**ASSIGNMENT**. Retype, exactly as they appear below, the lines between the line holding "A Pair of Chinese" and the line holding "Terreno en Venta en Albanueva, USD 740.000", both ends included.

**GIVEN INFORMATION**.

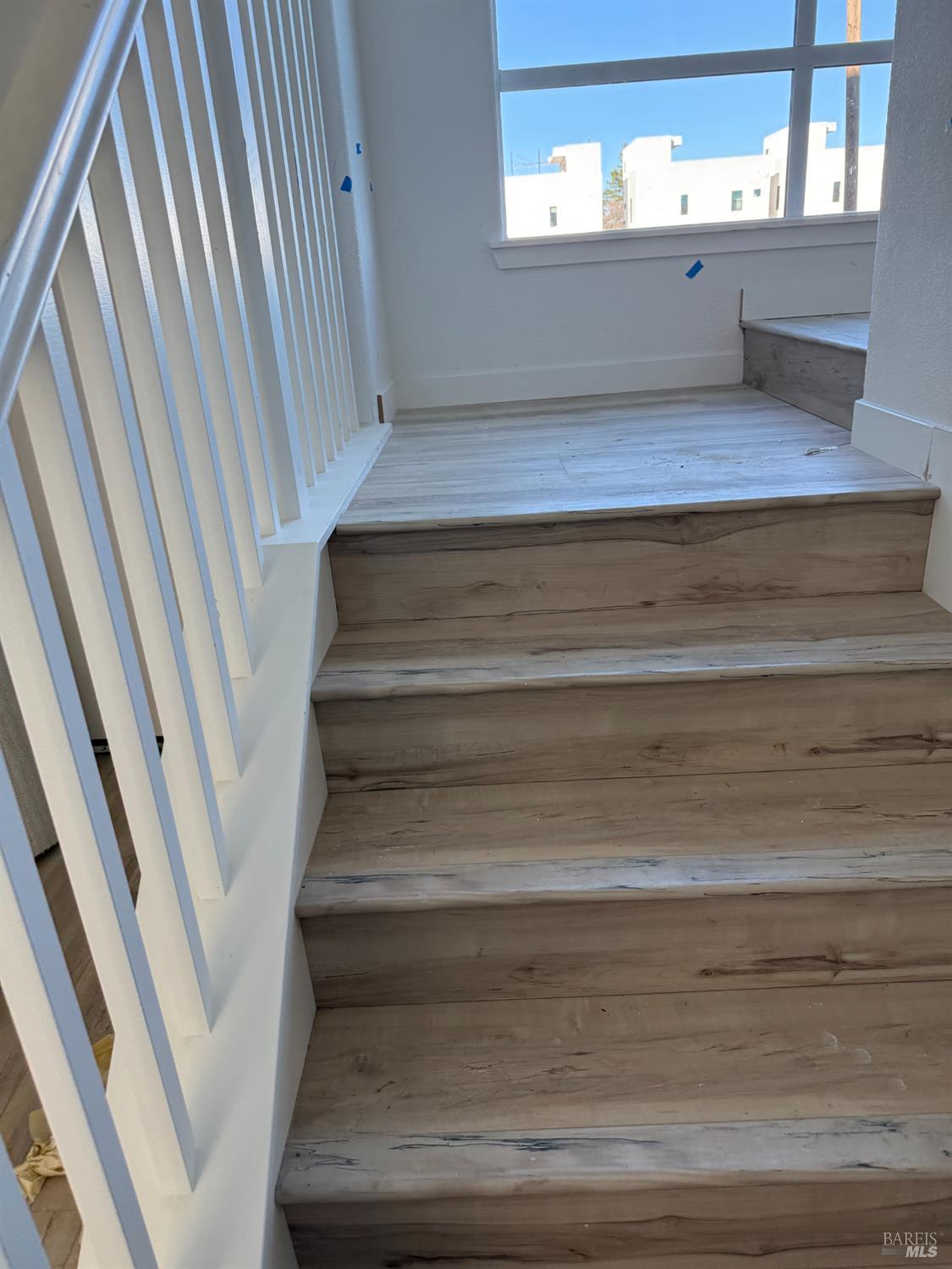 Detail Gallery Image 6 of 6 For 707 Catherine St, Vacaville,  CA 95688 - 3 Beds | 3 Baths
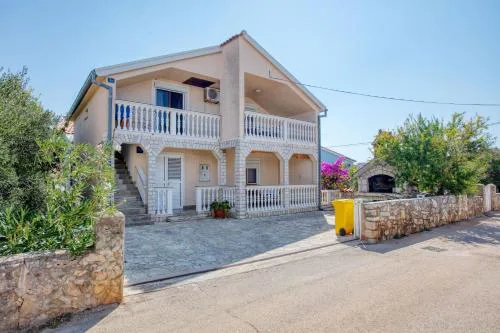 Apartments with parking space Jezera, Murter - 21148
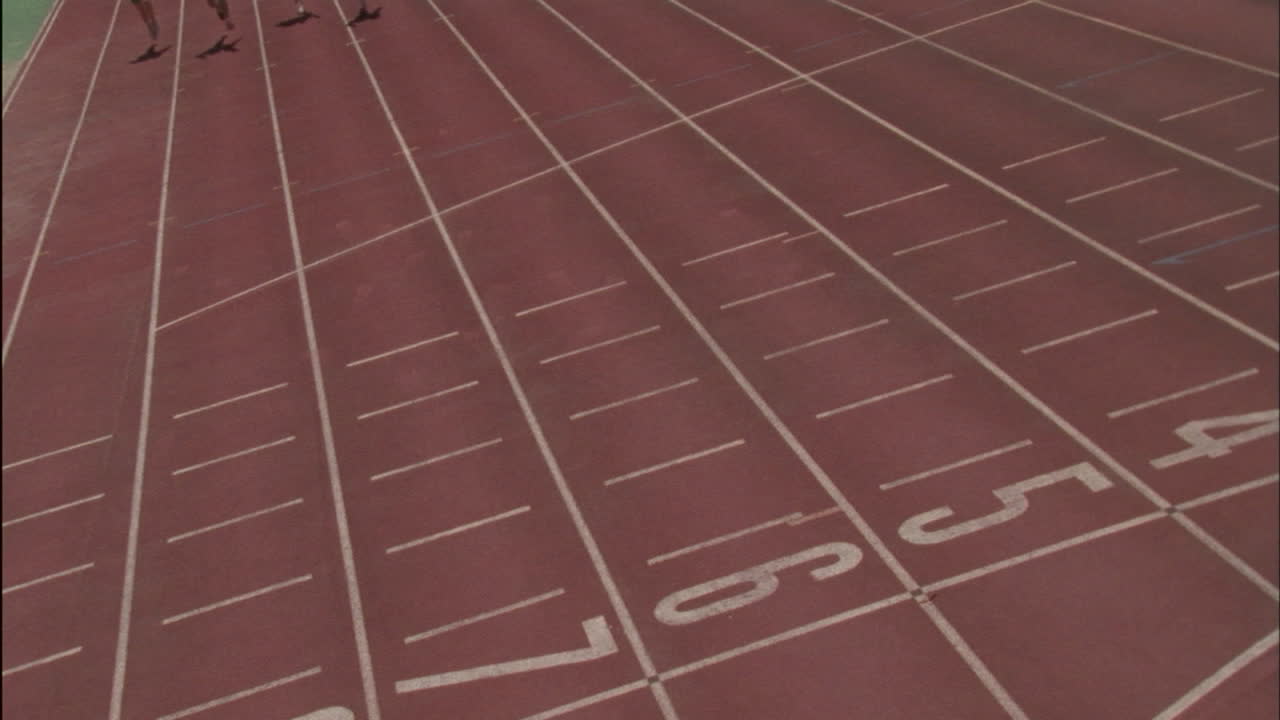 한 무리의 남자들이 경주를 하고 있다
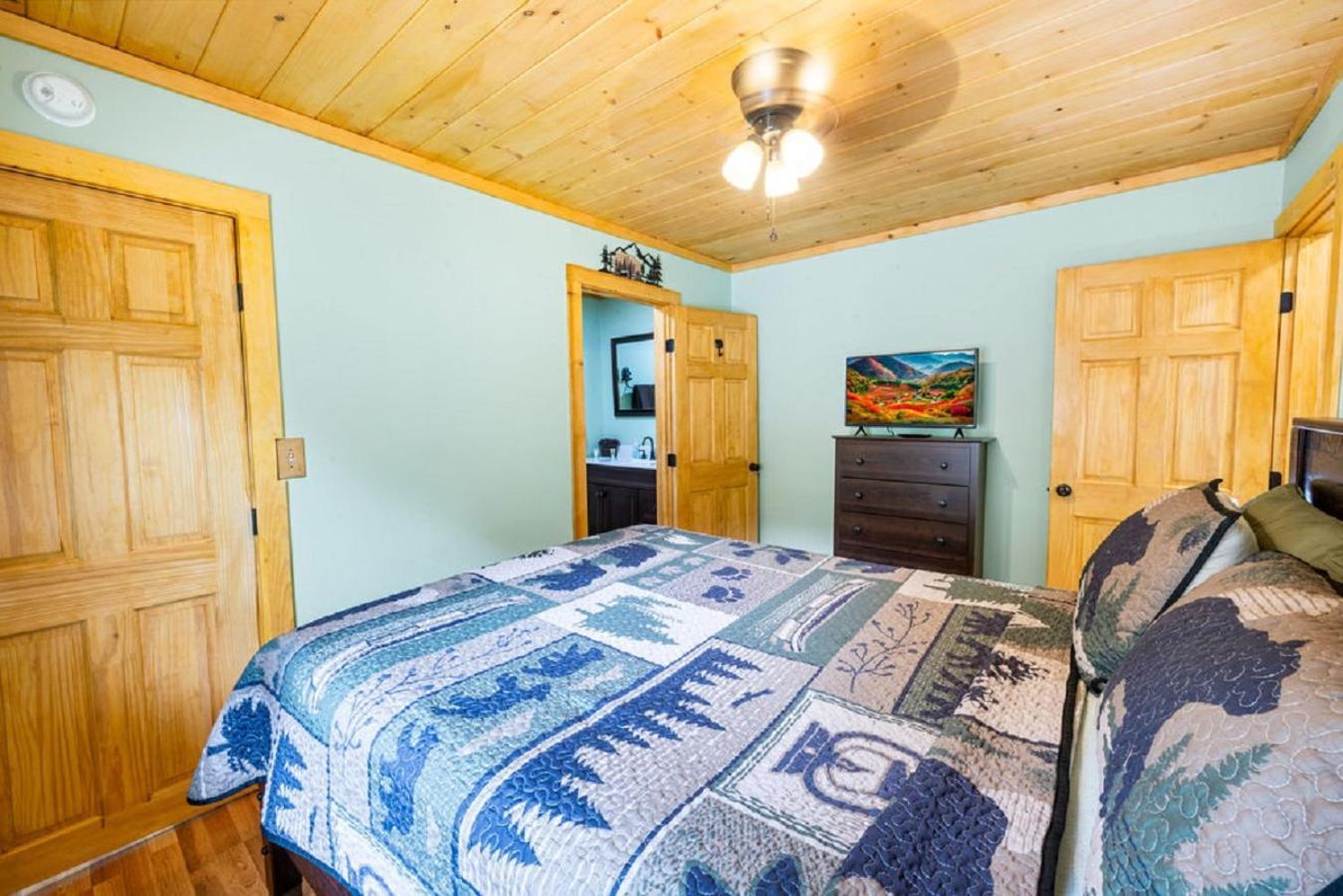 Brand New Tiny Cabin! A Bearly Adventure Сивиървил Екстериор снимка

==

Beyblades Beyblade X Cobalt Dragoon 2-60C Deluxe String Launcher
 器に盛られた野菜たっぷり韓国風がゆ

==

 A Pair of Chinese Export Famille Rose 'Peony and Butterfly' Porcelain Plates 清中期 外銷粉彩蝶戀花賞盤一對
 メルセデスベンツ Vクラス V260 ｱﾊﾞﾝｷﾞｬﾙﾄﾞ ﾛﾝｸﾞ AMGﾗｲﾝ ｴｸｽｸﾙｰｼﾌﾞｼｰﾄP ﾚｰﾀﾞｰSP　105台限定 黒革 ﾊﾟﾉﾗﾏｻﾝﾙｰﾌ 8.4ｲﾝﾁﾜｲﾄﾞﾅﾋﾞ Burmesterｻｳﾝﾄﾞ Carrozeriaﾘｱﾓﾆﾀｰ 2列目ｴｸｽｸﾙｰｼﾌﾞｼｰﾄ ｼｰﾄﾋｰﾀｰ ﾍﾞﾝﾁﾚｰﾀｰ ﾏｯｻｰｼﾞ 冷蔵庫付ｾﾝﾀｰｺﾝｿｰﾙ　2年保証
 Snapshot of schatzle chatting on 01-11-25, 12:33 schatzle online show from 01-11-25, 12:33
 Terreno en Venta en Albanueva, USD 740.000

**SOLVED PROBLEM**.
 A Pair of Chinese Export Famille Rose 'Peony and Butterfly' Porcelain Plates 清中期 外銷粉彩蝶戀花賞盤一對
 メルセデスベンツ Vクラス V260 ｱﾊﾞﾝｷﾞｬﾙﾄﾞ ﾛﾝｸﾞ AMGﾗｲﾝ ｴｸｽｸﾙｰｼﾌﾞｼｰﾄP ﾚｰﾀﾞｰSP　105台限定 黒革 ﾊﾟﾉﾗﾏｻﾝﾙｰﾌ 8.4ｲﾝﾁﾜｲﾄﾞﾅﾋﾞ Burmesterｻｳﾝﾄﾞ Carrozeriaﾘｱﾓﾆﾀｰ 2列目ｴｸｽｸﾙｰｼﾌﾞｼｰﾄ ｼｰﾄﾋｰﾀｰ ﾍﾞﾝﾁﾚｰﾀｰ ﾏｯｻｰｼﾞ 冷蔵庫付ｾﾝﾀｰｺﾝｿｰﾙ　2年保証
 Snapshot of schatzle chatting on 01-11-25, 12:33 schatzle online show from 01-11-25, 12:33
 Terreno en Venta en Albanueva, USD 740.000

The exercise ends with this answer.